Oculus has developed a novel method for the binaural rendering of ambisonics based on spherical harmonics that reduces the smearing, has better frequency response, and produces better externalization compared with the common virtual speaker- based methods. The Audio SDK supports first-order ambisonics in the AmbiX (ACN/SN3D) format.
Oculus offers an Ambisonics Starter Pack as a convenience for developers (available on our Download page). It includes several AmbiX WAV files licensed for use under Creative Commons. The files represent ambient soundscapes, including parks, natural environments with running water, indoor ventilation, rain, urban ambient sounds, and driving noises.

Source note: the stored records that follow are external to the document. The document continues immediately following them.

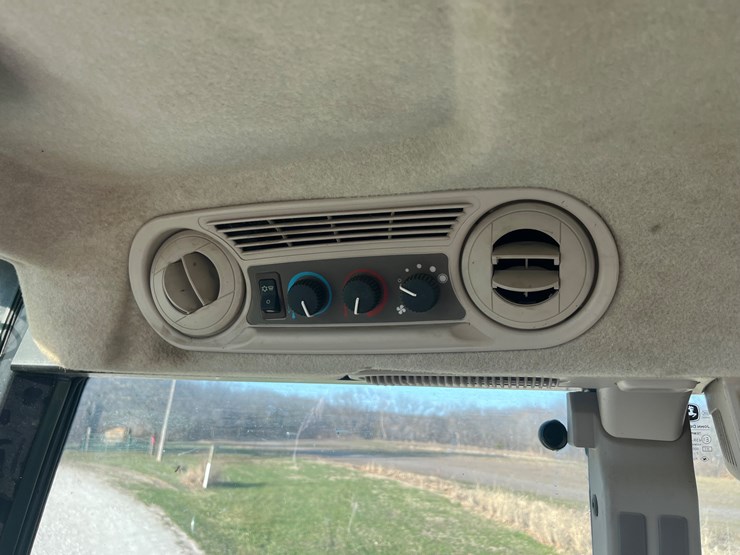 2015-john-deere-5100e-image-27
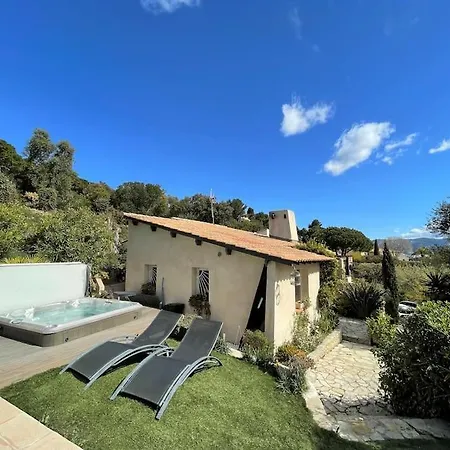 Сasa de vacaciones Belle Villa, Piscine Et Jacuzzi *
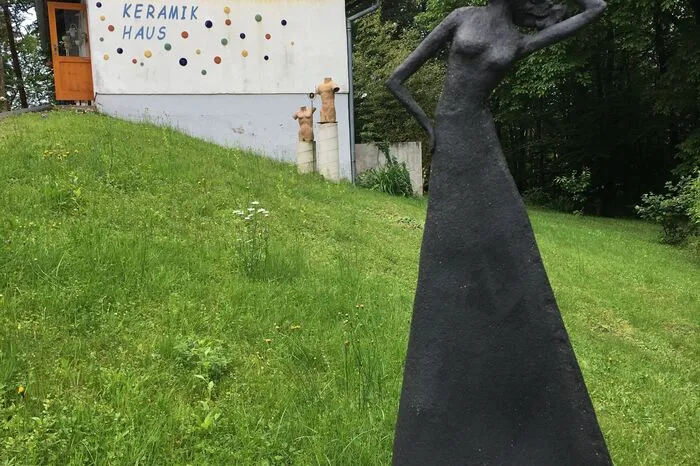 Skulptur von Lena Kremser aus Kopreinigg in Pölfing Brunn. www.keramik-lena.com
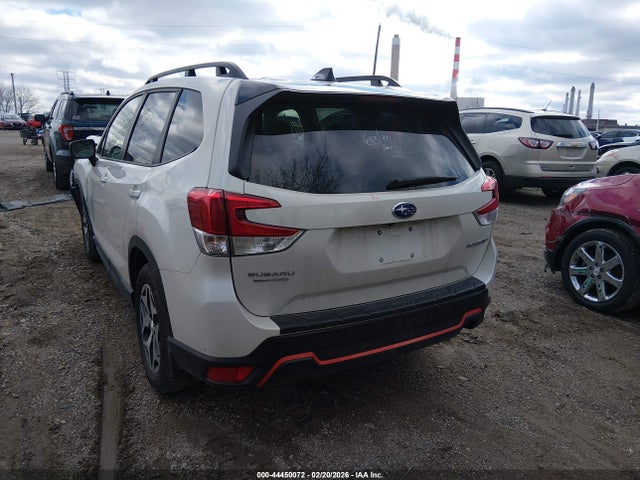 44450072 :رقم المزاد ، JF2SKADC0RH472258 vin ، 2024 Subaru Forester Premium مزاد بيع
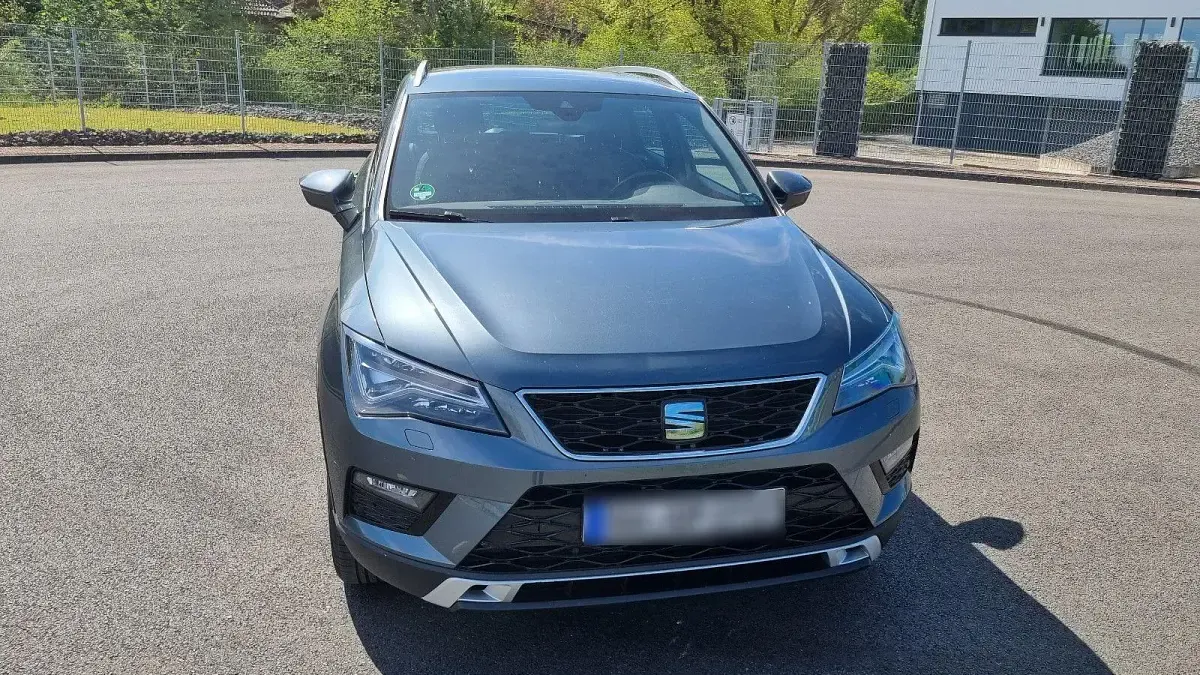 Gebraucht Seat Ateca XCELLENCE 150 PS (110 kW) 2018 Grau SUV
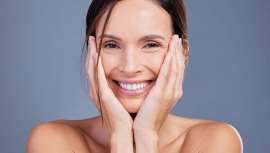 Los azúcares poseen extraordinarias propiedades hidratantes, ayudan a mantener la humedad en la piel, suavizan, fortalecen, proporcionan luminosidad...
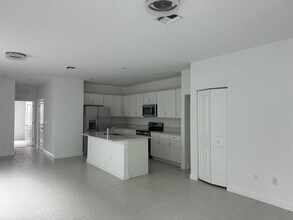 4663 Hollister Ave in Greenacres, FL - Foto de edificio - Building Photo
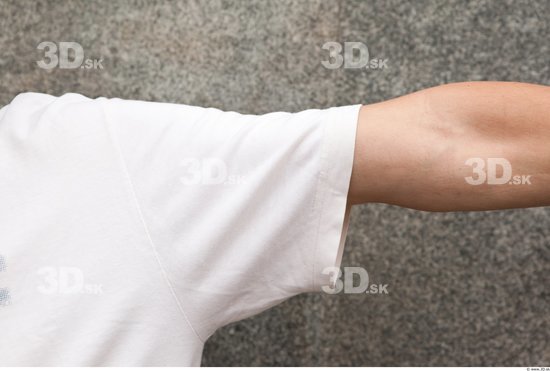 Arm Man Casual Shirt T shirt Average Street photo references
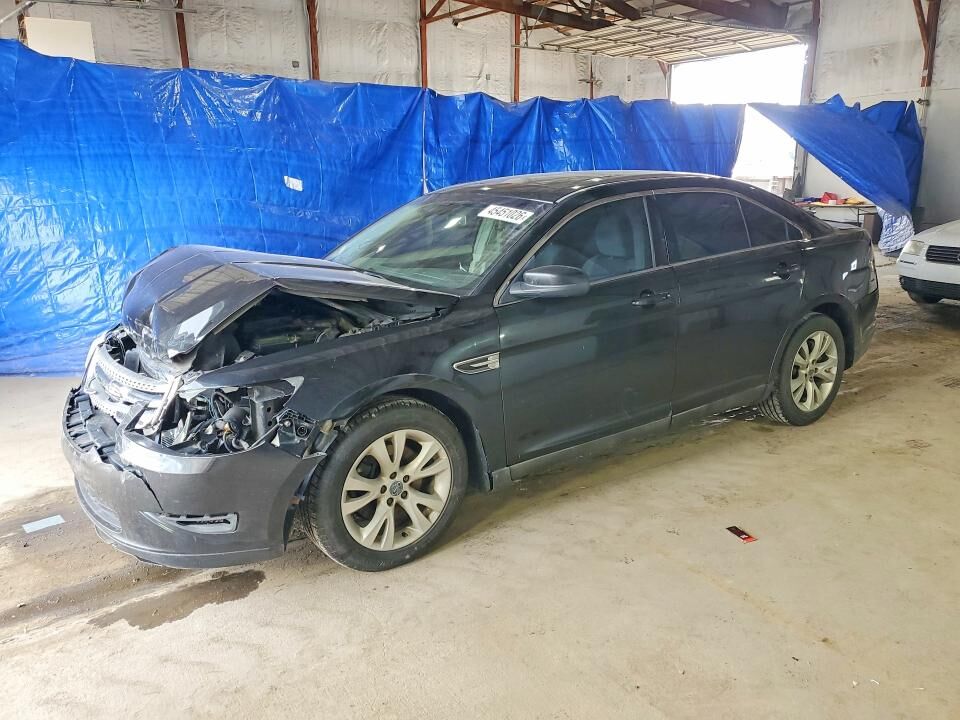 2010 FORD Taurus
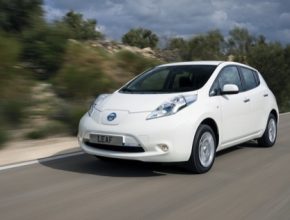 Nissan Leaf, elektromobil vyráběný přímo v Británii, je mezi nově nakoupenými vozy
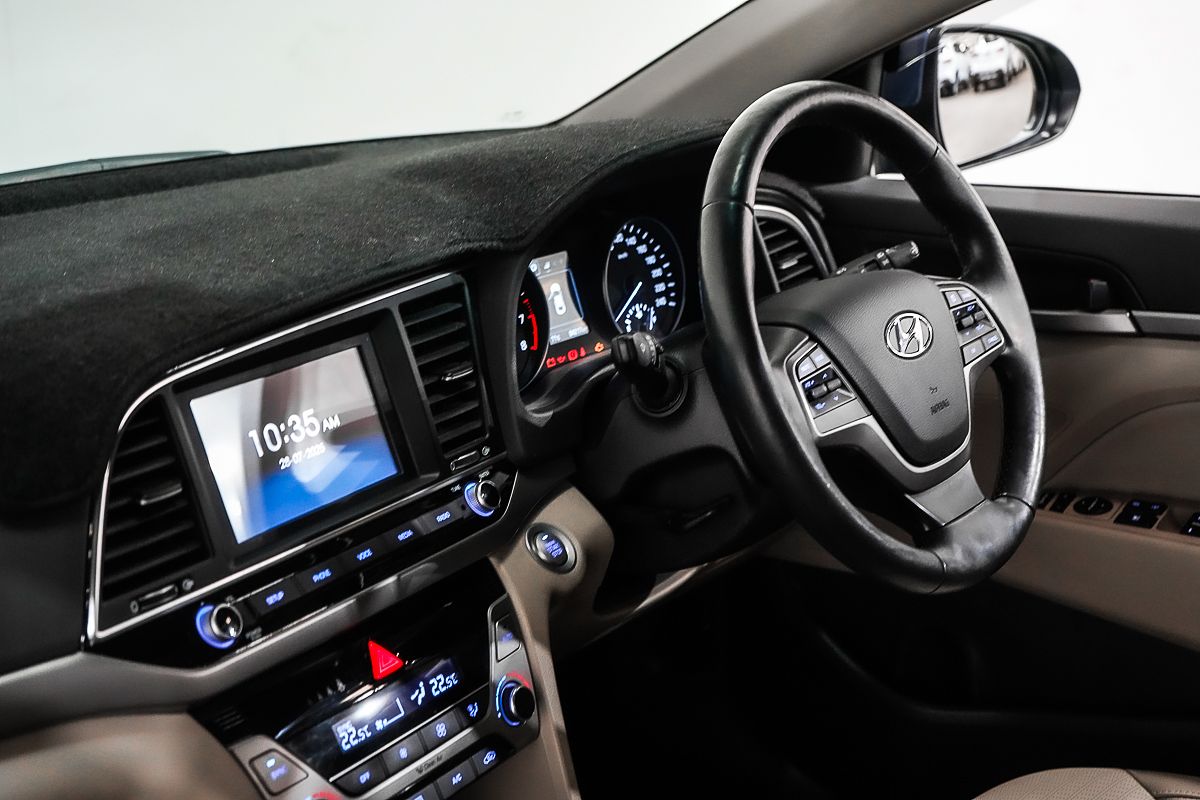 2018 Hyundai Elantra Elite AD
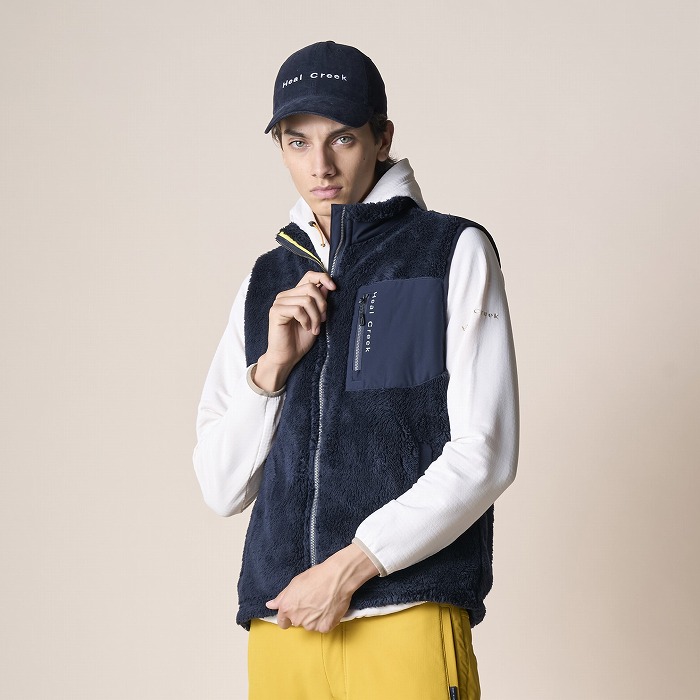 Heal Creek（ヒールクリーク）両面シャギーボアフルジップベスト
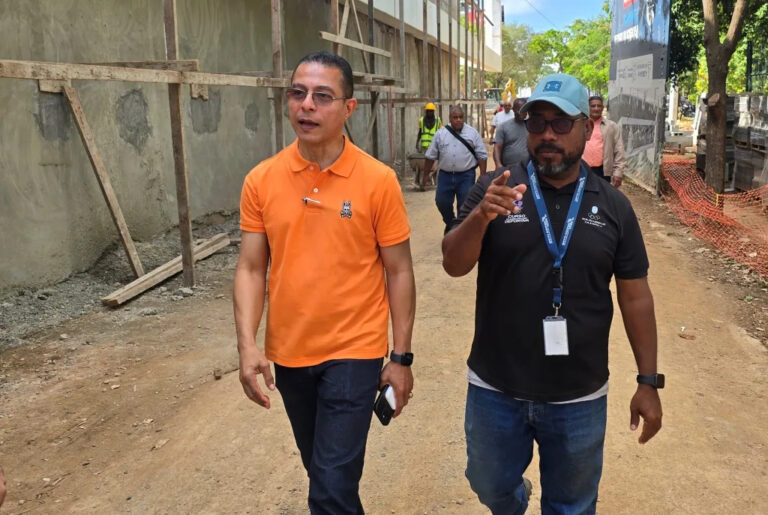 Directivos FEDOTAE supervisan avance en construcción Pabellón de Taekwondo
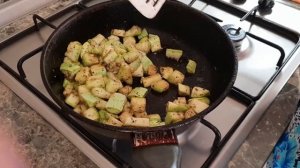 Жареные кабачки кубиками со специями на кокосом масле.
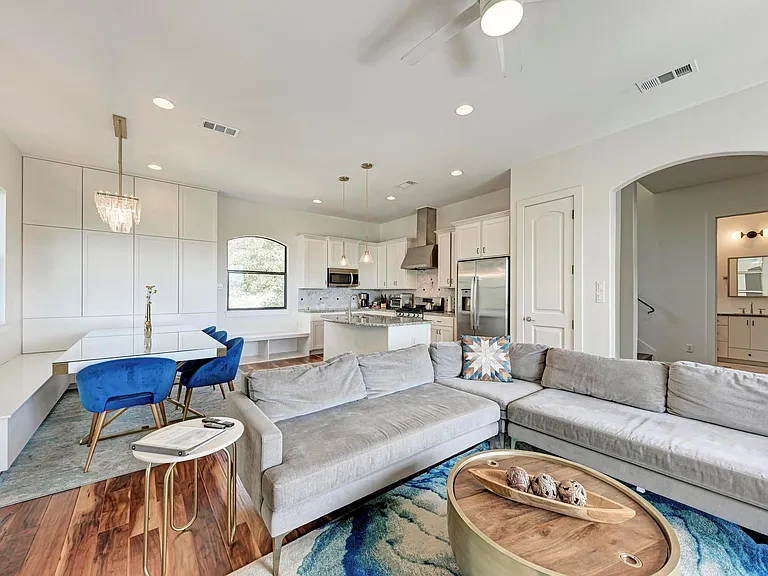 13803 Lake View Dr — Photo 20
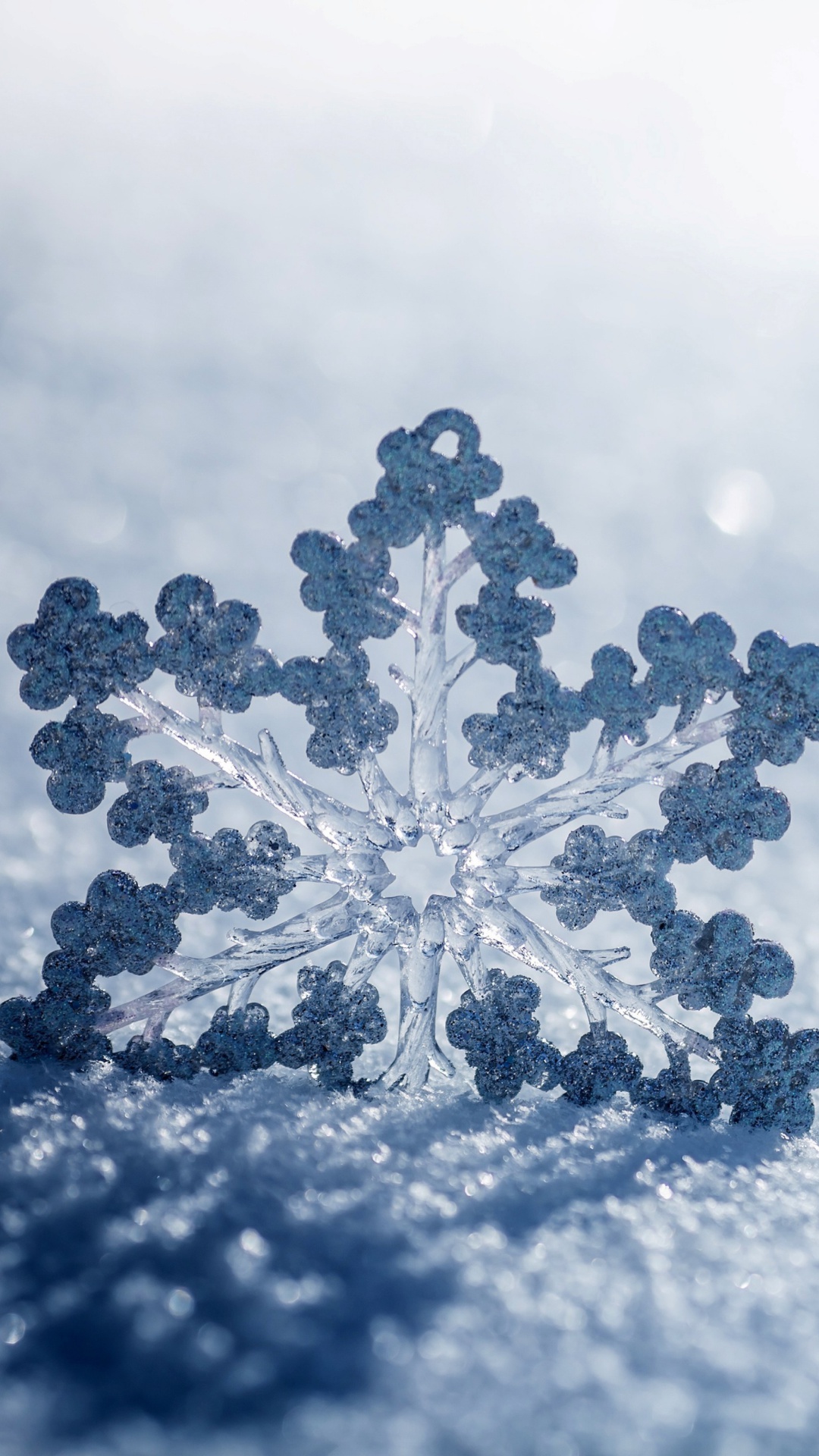 Fondo de pantalla Snowflake Macro HD 1080x1920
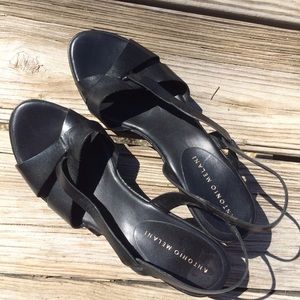 NWOB - Antonio Melani Sandals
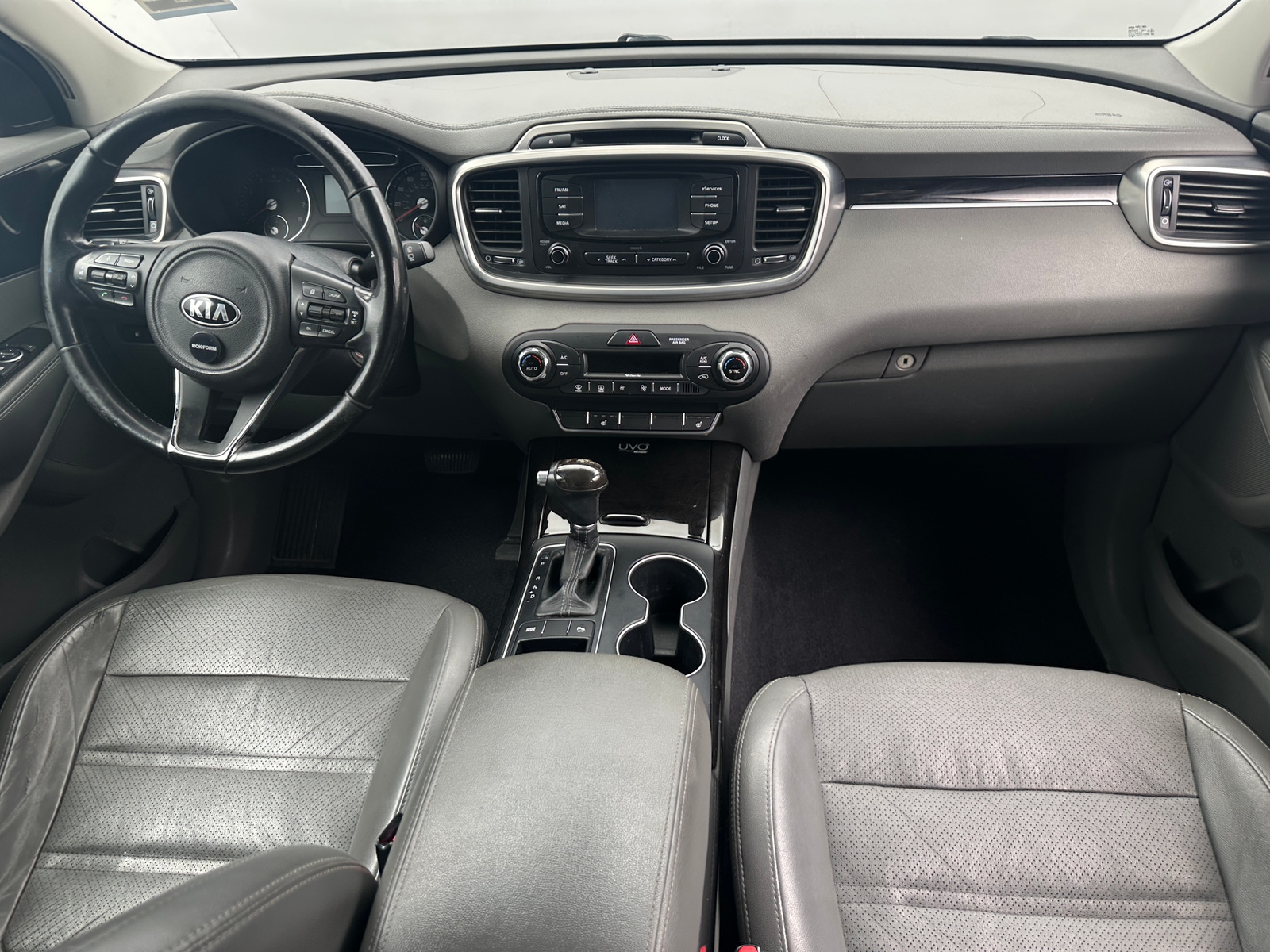 Thumbnail: 2016 Kia Sorento - 2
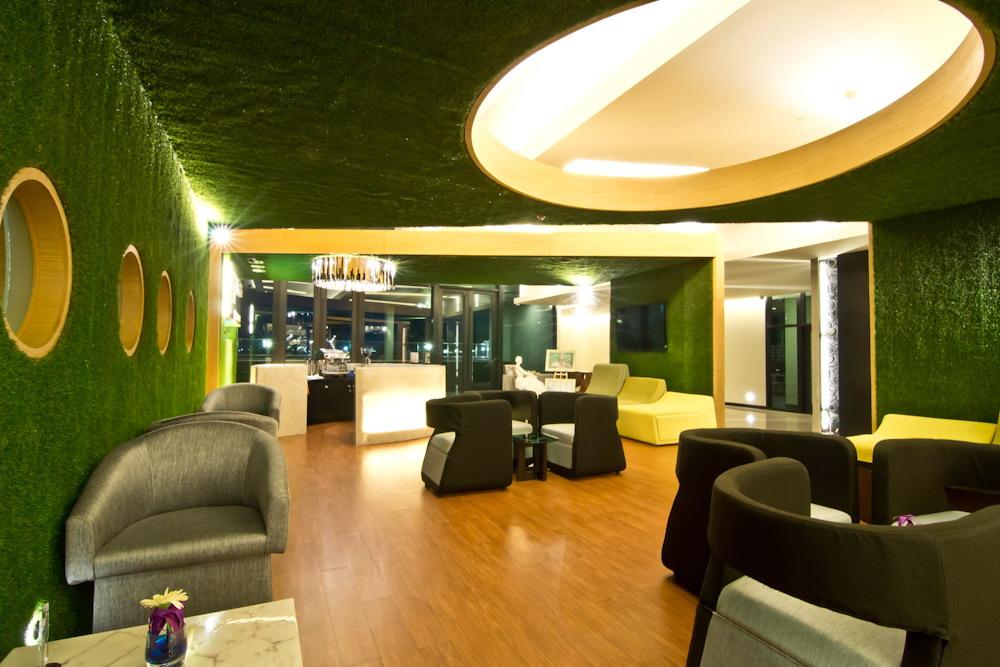 Hotel Tsix5 Quarter Pattaya Esterno foto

There are other aspects of a high quality audio experience, however these are often more appropriately implemented by the application programmer or a higher level engine.
Sounds interact with a user's environment in many ways. Objects and walls may obstruct, reflect, or propagate a sound through the virtual world. The Oculus SDK only supports direct reflections and does not factor in the virtual world geometry. This problem needs to be solved at a higher level than the Oculus Audio SDK due to the requirements of scanning and referencing world geometry.
The Doppler effect is the perceived change in pitch that occurs when a sound source is moving at a rapid rate towards or away from a listener, such as the pitch change that is perceived when a car whooshes by. It is often emulated in middleware with a simple change in playback rate by the sound engine.
Effects such as equalization, distortion, flanging, and so on can be used to great effect in a virtual reality experience. For example, a low pass filter can emulate the sound of swimming underwater, where high frequencies lose energy much faster than in air, distortion may be used to simulate disorientation, a narrow bandpass equalizer can give a 'radio' effect on sound sources, and so on.
The Oculus Audio SDK does not provide these effects. Typically, these would be applied by a higher level middleware package either before or after the Audio SDK, depending on the desired outcome. For example, a low-pass filter might be applied to the master stereo buffers to simulate swimming underwater, but a distortion effect may be applied pre-spatialization for a broken radio effect in a game.
The Oculus Audio SDK supports monophonic point sources. When a sound is specified, it is assumed that the waveform data represents the sound as audible to the listener. It is up to the caller to attenuate the incoming sound to reflect speaker directional attenuation (e.g. someone speaking while facing away from the listener) and area sources such as waterfalls or rivers.